You are viewing a plain text version of this content. The canonical link for it is here.

Posted to user@lucy.apache.org by Marvin Humphrey <ma...@rectangular.com> on 2011/10/12 19:47:02 UTC

Re: [lucy-user] Different UTF-8 behaviour between perl 5.8.8 (indexes ok) and 5.10.1 (indexing fails)

On Wed, Oct 12, 2011 at 05:57:33PM +0200, goran kent wrote:
> > It sounds like, without seeing a reproduce-able test case, that Lucy is
> > choking appropriately on malformed UTF-8.
> 
> Absolutely.  What's interesting is that the same Lucy code does not
> choke on the other machines with the older Perl.

Lucy trusts that incoming data it has received from Perl is well-formed.
(Technically, it assumes that string data obtained via the XS routine
SvPVutf8() is well-formed UTF-8, notwithstanding the difference between Perl's
loose internal representation and the Unicode standard for UTF-8.)  We could
add an index-time validity check, but that would slow down indexing.

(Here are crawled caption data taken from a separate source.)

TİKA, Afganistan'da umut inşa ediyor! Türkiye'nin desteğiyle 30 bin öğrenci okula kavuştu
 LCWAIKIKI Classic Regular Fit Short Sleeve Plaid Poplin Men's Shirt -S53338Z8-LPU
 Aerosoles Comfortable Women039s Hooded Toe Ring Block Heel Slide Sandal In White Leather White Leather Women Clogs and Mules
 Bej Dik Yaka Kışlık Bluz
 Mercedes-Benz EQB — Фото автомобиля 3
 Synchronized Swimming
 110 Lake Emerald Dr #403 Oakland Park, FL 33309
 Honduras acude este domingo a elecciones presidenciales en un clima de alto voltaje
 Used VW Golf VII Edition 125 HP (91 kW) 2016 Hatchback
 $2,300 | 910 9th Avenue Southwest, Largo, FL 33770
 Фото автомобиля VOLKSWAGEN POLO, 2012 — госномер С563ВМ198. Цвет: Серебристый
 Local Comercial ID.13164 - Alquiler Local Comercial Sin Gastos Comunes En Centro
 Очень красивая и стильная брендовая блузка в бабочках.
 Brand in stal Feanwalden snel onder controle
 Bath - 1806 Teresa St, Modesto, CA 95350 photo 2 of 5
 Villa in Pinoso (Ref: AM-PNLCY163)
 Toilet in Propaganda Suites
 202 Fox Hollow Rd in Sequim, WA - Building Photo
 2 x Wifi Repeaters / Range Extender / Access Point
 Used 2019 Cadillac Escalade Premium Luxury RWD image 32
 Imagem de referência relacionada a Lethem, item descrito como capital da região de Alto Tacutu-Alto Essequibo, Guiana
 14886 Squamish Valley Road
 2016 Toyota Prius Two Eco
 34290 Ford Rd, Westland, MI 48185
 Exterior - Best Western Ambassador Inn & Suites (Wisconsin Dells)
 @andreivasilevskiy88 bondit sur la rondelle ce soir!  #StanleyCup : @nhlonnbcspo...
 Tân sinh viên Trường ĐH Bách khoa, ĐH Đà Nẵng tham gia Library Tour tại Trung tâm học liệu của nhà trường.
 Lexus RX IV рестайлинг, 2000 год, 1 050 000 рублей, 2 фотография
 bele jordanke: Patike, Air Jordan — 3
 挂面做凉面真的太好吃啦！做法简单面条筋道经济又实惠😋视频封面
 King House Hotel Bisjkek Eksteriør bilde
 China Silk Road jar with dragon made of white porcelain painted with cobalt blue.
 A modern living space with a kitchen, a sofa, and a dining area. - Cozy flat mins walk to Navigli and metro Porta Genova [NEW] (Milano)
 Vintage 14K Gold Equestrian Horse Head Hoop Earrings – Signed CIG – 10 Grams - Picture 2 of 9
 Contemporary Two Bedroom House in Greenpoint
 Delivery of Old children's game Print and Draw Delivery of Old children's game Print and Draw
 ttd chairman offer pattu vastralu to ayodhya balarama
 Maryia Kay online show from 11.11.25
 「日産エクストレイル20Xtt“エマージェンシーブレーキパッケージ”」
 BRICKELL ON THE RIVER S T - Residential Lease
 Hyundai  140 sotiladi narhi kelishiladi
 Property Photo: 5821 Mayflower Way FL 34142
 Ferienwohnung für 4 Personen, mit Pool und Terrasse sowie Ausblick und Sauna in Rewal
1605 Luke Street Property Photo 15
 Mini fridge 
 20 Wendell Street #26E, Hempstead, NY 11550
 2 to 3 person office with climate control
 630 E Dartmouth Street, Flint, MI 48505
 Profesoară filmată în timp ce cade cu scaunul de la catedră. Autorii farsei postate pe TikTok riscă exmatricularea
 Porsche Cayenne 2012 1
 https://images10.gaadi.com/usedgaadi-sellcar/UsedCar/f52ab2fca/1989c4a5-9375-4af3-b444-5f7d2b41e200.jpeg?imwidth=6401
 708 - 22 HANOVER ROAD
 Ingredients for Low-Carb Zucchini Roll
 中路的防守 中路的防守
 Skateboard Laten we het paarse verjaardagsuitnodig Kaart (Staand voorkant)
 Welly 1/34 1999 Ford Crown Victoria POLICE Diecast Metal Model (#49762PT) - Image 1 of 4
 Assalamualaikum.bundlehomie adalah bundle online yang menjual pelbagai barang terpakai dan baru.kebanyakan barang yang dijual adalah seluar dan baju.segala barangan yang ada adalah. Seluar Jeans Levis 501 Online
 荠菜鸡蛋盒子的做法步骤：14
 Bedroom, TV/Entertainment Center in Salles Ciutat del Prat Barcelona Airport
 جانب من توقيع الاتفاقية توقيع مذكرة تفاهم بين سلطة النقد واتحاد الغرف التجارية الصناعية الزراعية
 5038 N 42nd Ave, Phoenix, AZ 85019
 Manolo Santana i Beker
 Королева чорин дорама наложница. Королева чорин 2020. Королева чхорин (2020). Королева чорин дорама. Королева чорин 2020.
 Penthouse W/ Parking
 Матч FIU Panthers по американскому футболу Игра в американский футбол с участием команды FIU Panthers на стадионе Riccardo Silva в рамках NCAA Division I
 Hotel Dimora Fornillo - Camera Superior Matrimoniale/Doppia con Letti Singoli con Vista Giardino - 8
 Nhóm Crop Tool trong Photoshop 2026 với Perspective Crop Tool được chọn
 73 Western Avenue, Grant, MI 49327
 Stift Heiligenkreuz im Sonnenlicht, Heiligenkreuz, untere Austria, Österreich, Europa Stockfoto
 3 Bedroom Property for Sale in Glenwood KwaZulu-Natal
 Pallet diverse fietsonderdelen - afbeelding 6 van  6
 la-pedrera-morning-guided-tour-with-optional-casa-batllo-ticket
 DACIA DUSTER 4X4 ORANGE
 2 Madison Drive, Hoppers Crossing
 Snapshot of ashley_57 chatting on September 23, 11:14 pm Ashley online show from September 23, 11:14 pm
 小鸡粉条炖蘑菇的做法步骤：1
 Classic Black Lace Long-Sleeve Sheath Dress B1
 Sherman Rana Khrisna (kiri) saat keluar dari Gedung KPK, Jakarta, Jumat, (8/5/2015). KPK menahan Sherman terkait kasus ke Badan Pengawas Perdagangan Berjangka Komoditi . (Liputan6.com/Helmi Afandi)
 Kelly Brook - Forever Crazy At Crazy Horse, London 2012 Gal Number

At search-time, though, Lucy is reading from the file system rather than
receiving data from Perl -- and data from the file system cannot be trusted.
Therefore, Lucy always performs validity checks when reading what is
ostensibly UTF-8 data out of an existing index.

I don't know of a mechanism whereby Lucy's behavior would change between
different versions of Perl.  In any case, having invalid UTF-8 in your Perl
scalars is bad news -- it can do things like crash the regex engine.  It will
also lead to corrupt Lucy indexes that fail the search-time UTF-8 validity
check.

How are you getting raw data into Perl?

> Anyway, I like the idea of rolling my own perl to be absolutely sure
> of coherence across my machines.

+1

Marvin Humphrey